Fly's killer feature (and why we are transitioning to it) is its cost-effectiveness and almost 'zero-devops' setup.

- Super cheap bandwidth ($2 per 100GB!)

- Free deploys (AppRunner charges for deploys)

- Free monitoring (versus expensive but comprehensive CloudWatch)

- Free orchestration

- Free anycast transit (expensive on aws)

- Cheaper, zero-touch, global/cross-region private-network across VMs in the same fly org (zero-muck: transit gateway, nat gateway, internet gateway, vpc private endpoints, iam policies...).

- Super cheap and fast disks ($0.15 per GB/disk!)

- Easier HA Postgres and HA Redis setups.

- GA's TCP proxy does not preserve source/client ip-ports (Fly can).

0xy|4 years ago

I really like Fly and would love to move some side project workloads to it, the only thing holding me back is the Postgres product which seems to be a little bit 'not ready for production'. I'm referring to point-in-time recovery and ease of backup restoration mostly.

The product looks too good to be true, and when you dig into a little deeper it seems like it isn't totally 100%.

Amazon RDS is something that I really trust, but I didn't get the same vibe looking at Fly Postgres.

sudhirj|4 years ago

Also way cheaper, if your container is efficient you’ll probably pay under the cost of Global Accelerator alone, and bandwidth is way cheaper as well.

dizpers|4 years ago

Do you have your own servers or you build your service on top of the aws/gcp/azure?

lucacasonato|4 years ago

It is 2021, and AWS Global Accelerator still does not support IPv6. Google Cloud has supported this on their global anycast load balancers since September 2017.

jjoonathan|4 years ago

I get the distinct impression that big, core chunks of AWS don't support IPv6, and where they do, it's very much a bolted-on second class citizen for which one should keep the expectations low.

RKearney|4 years ago

Google is by far the worst cloud provider when it comes to IPv6 support.

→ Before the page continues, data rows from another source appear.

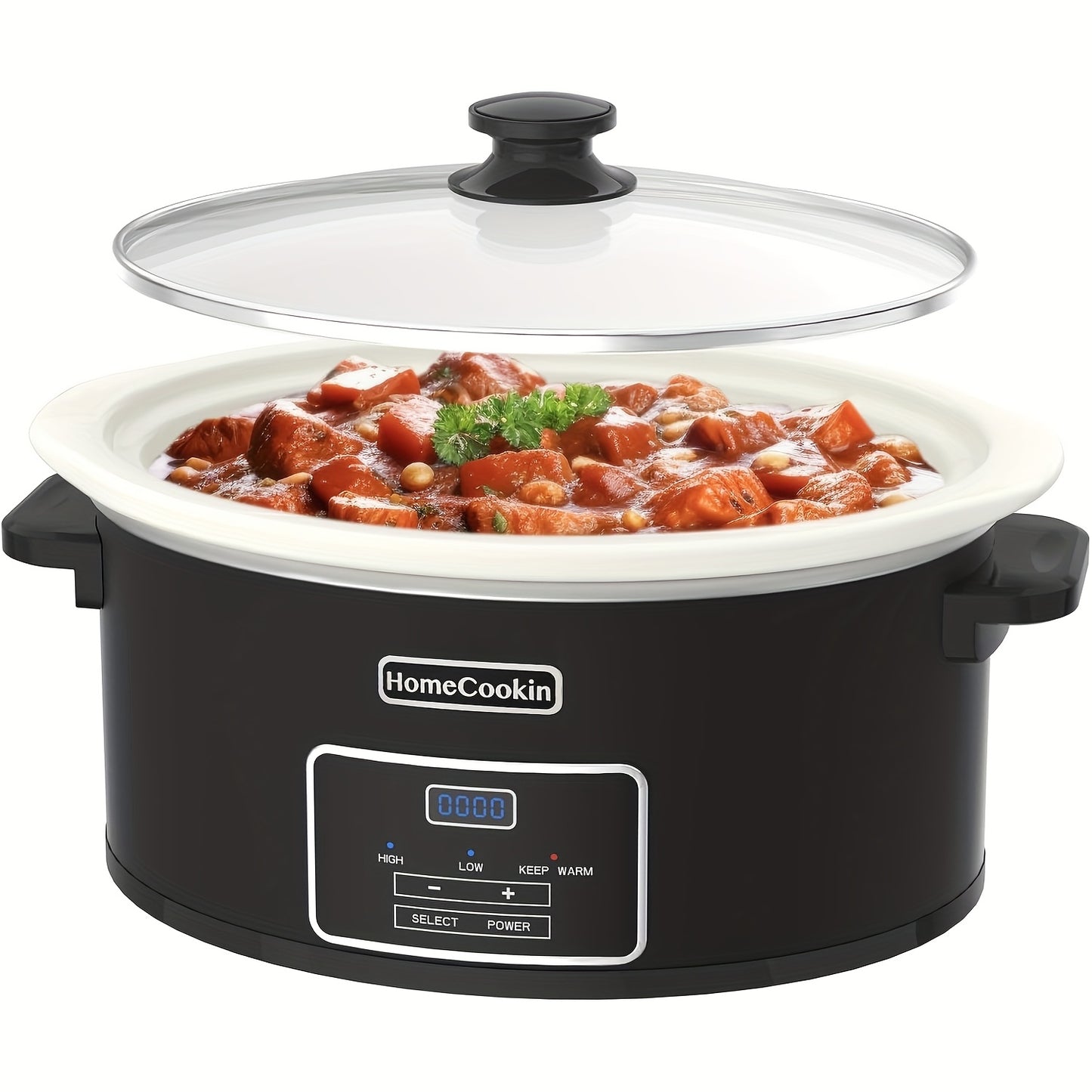 8 Quart Large Digital Slow Cooker with Stoneware Pot - Programmable Slow Cooker with Keep Warm Function, Digital Display & One-Touch Operation, 240W, Red/Blue//Black - Ideal for Family Dinners, Roasts, Stews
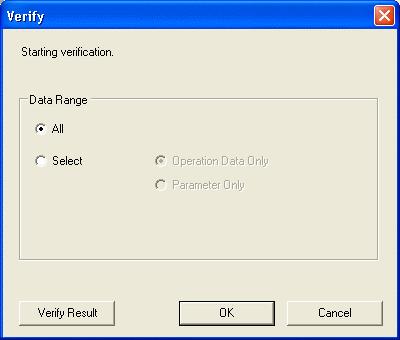All Select Setting Item Operation data only Parameter only Verified data All operation data and parameters Positioning operation,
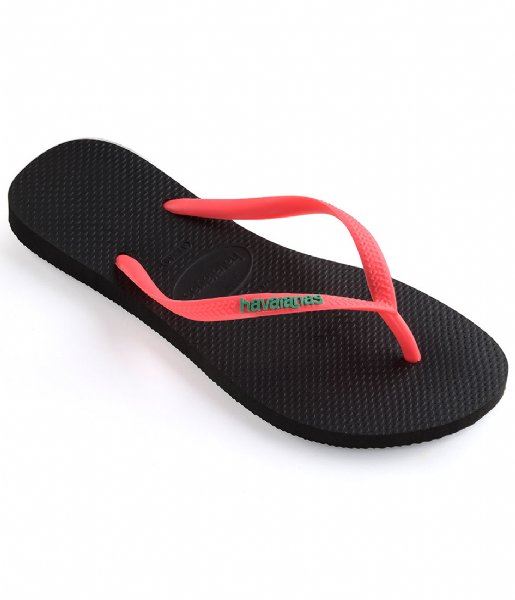 black and coral havaianas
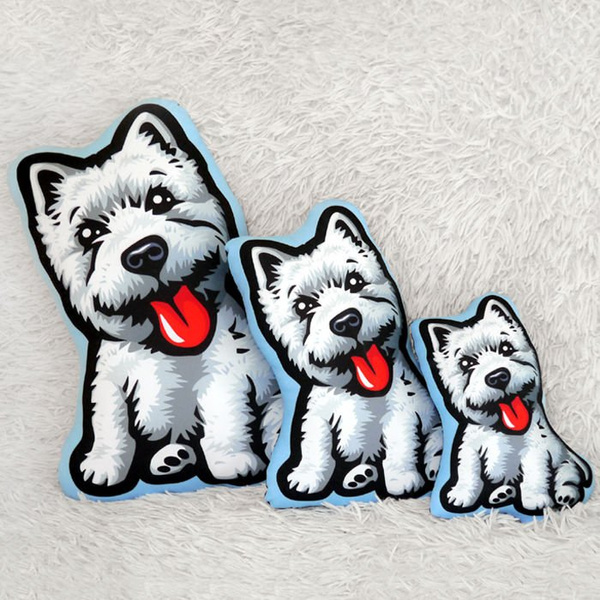 Kissen Hund Westie Mini Geschenk Kuscheliges Maskottchen für Kinder und Hundefans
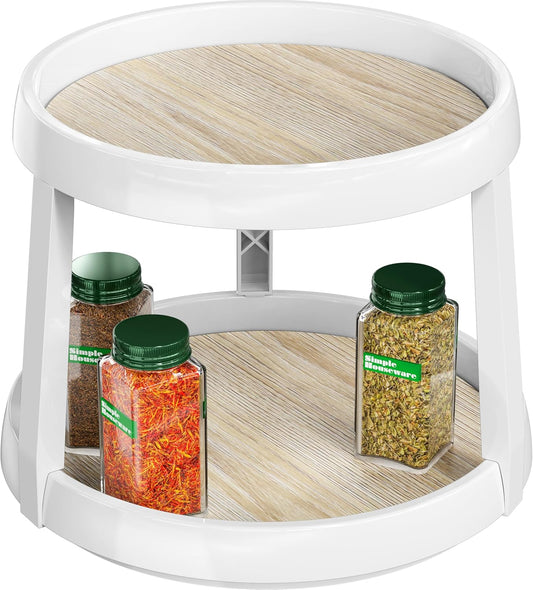 Simple Houseware 2-Tier Lazy Susan Spice Organizer, 10-Inch Diameter, Maple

They only support IPv6 on VPC networks in asia-east1, asia-south1, europe-west2, and us-west2, you cannot access the metadata service over IPv6, and IPv6 on load balances just left Alpha last year I believe.

mrkurt|4 years ago

Google doesn't own nearly as many IPs as Amazon, so they have to do better at IPv6. AWS is incentivized to keep the world IPv4 as long as possible.

dncornholio|4 years ago

I find it hilarious that they're avoiding sending the referer to a 3rd party, by sending the referer to a 3rd party..

underwater|4 years ago

In the context of the problem being solved – removing Referer headers – isn't this optimising the wrong thing?

Almost every browser, except for IE, supports the `Referrer-Policy` header. We should be aiming to avoid additional redirects, not to make them faster.

defaultname|4 years ago

I would say the vast majority of solutions do it properly, and it's hard to fathom why someone would ever use a service like this. Quite aside from adding additional latency, improve privacy/security by looping in another party? That does not follow.

Set the header and call it a day, and at this point browsers should default to same-origin. The only outlier is IE 11, with 0.5% usage, and it is so grossly out of date it's pretty reasonable to just dump.

I remember in the very early Internet trying to raise an alarm that a lot of people didn't realize the privacy implications of referral headers (run a website and you could find all sorts of crazy niche discussion forums, see the resources people were referencing, etc). I certainly am not claiming prescience, but it was amazing how little anyone cared. Mind you, I also once promoted the notion that browsers should only ever send strongly, expensively domain-specific hashed passwords from password elements, and that too was pooh poohed. Several billion pwned passwords later...

sofixa|4 years ago

But what are the costs and scalability?

EC2s in many regions + Global Accelerator is a completely different pricing model to pay as you go serverless (and, depending on your use case and usage patterns, more or less expensive), and scaling is entirely up to you. It's cool to optimise for latency, but it would have been nice to have resulting costs and downsides (scaling).

dmw_ng|4 years ago

Global accelerator $0.025/hr = $18.27/month.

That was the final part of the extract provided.